Craft brewing adventures of the smallest variety.

What's got two thumbs and likes beer? This guy. Home brewing is a lot of work, but it is fun and rewarding to make the beer that you drink. And sharing means caring. Here you'll be able to learn all about my brewing exploits.


 

Follow my forays into fermentation.

Brew days, bottling days, and bongo drums. It's all here. Find out what I'm planning, brewing, and drinking.



Atwood Brown Ale.
(Primary Fermentation)
OG: 1.051
IBU: 33.9
ABV: 4.9%
The original recipe formulated by my WBMC 4th place finishing beard. The perfect amount of earthy, herbal, bitterness from the hops to match the smooth, lightly roasted, maltiness.
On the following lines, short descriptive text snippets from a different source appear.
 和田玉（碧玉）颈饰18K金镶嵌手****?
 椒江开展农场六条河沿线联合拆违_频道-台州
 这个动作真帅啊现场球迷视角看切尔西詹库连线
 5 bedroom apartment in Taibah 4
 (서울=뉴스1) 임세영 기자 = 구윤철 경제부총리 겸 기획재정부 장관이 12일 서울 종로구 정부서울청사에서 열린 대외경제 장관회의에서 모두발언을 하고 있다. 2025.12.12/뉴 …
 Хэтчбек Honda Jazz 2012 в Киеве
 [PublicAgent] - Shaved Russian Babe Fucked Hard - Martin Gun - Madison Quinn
Simply put, it's creamy, well balanced, darkness.


Vienna Steamer.
(On Tap)
OG: 1.049
IBU: 27.6
ABV: 5.2%
Inspired by Germans, Austrians, and silly Americans who brew beer in the Spring to drink out of giant steins at harvest time (all while wearing lederhosen), and washing machine millionaires who spend their family fortunes saving dilapidated breweries and brewing the first true American beer style. This beer was brewed in May, fermented by rogue, Californian, lager yeast that love ale temperatures, lagered for four months, and finally tapped and served with sausage, potatoes and cabbage. Consider this my delicious ode to Oktoberfest and Fritz Maytag.


Scottish Lodge Ale.
(Conditioning)
OG: 1.080
IBU: 30.7
ABV: 8.0%
Named for the infamous Ferndale motel, Scottish Lodge Ale plunges you into Whatcom County's seedy underbelly by way of complex caramel, toffee, herbal, and slight fruit flavors that float on top of a smokey, biscuity, Scotch undertone, finishing with a gentle alcohol burn. This is pretty much the greatest thing I have ever brewed.